▶ _WHAT TO DO_: What you return must match the records below exactly, down to each character.

▶ _Saved data entries_:
##########

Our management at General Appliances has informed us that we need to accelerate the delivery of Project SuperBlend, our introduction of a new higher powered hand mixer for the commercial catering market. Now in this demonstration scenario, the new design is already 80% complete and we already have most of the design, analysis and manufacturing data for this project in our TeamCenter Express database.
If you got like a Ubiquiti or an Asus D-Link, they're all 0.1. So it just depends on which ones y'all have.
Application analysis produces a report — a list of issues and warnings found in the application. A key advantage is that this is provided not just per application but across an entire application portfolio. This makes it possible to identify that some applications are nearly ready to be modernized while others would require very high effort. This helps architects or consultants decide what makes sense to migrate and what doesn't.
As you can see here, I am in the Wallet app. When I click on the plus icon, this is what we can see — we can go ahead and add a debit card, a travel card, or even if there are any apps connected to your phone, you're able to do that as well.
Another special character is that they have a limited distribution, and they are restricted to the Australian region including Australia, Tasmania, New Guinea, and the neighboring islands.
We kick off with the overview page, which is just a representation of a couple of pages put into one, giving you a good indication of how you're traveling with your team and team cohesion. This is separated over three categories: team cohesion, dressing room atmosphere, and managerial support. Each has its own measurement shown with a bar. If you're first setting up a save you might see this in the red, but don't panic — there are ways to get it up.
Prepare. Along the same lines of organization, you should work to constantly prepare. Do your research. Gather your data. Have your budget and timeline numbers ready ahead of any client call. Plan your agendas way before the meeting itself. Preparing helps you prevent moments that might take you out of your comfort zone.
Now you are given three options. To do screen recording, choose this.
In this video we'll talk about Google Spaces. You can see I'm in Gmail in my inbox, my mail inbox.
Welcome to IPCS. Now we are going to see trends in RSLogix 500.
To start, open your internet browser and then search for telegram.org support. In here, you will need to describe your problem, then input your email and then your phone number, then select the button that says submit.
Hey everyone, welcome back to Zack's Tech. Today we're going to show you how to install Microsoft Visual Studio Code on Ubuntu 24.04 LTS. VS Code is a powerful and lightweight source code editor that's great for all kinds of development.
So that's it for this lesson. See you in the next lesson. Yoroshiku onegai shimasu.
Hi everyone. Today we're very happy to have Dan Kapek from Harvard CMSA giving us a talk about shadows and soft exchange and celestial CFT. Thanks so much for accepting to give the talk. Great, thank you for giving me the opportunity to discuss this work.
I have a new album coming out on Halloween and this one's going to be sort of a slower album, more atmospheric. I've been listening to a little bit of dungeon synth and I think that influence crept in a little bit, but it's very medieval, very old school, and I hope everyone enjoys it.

##########

▶ _RESPONSE AREA_:
Our management at General Appliances has informed us that we need to accelerate the delivery of Project SuperBlend, our introduction of a new higher powered hand mixer for the commercial catering market. Now in this demonstration scenario, the new design is already 80% complete and we already have most of the design, analysis and manufacturing data for this project in our TeamCenter Express database.
If you got like a Ubiquiti or an Asus D-Link, they're all 0.1. So it just depends on which ones y'all have.
Application analysis produces a report — a list of issues and warnings found in the application. A key advantage is that this is provided not just per application but across an entire application portfolio. This makes it possible to identify that some applications are nearly ready to be modernized while others would require very high effort. This helps architects or consultants decide what makes sense to migrate and what doesn't.
As you can see here, I am in the Wallet app. When I click on the plus icon, this is what we can see — we can go ahead and add a debit card, a travel card, or even if there are any apps connected to your phone, you're able to do that as well.
Another special character is that they have a limited distribution, and they are restricted to the Australian region including Australia, Tasmania, New Guinea, and the neighboring islands.
We kick off with the overview page, which is just a representation of a couple of pages put into one, giving you a good indication of how you're traveling with your team and team cohesion. This is separated over three categories: team cohesion, dressing room atmosphere, and managerial support. Each has its own measurement shown with a bar. If you're first setting up a save you might see this in the red, but don't panic — there are ways to get it up.
Prepare. Along the same lines of organization, you should work to constantly prepare. Do your research. Gather your data. Have your budget and timeline numbers ready ahead of any client call. Plan your agendas way before the meeting itself. Preparing helps you prevent moments that might take you out of your comfort zone.
Now you are given three options. To do screen recording, choose this.
In this video we'll talk about Google Spaces. You can see I'm in Gmail in my inbox, my mail inbox.
Welcome to IPCS. Now we are going to see trends in RSLogix 500.
To start, open your internet browser and then search for telegram.org support. In here, you will need to describe your problem, then input your email and then your phone number, then select the button that says submit.
Hey everyone, welcome back to Zack's Tech. Today we're going to show you how to install Microsoft Visual Studio Code on Ubuntu 24.04 LTS. VS Code is a powerful and lightweight source code editor that's great for all kinds of development.
So that's it for this lesson. See you in the next lesson. Yoroshiku onegai shimasu.
Hi everyone. Today we're very happy to have Dan Kapek from Harvard CMSA giving us a talk about shadows and soft exchange and celestial CFT. Thanks so much for accepting to give the talk. Great, thank you for giving me the opportunity to discuss this work.
I have a new album coming out on Halloween and this one's going to be sort of a slower album, more atmospheric. I've been listening to a little bit of dungeon synth and I think that influence crept in a little bit, but it's very medieval, very old school, and I hope everyone enjoys it.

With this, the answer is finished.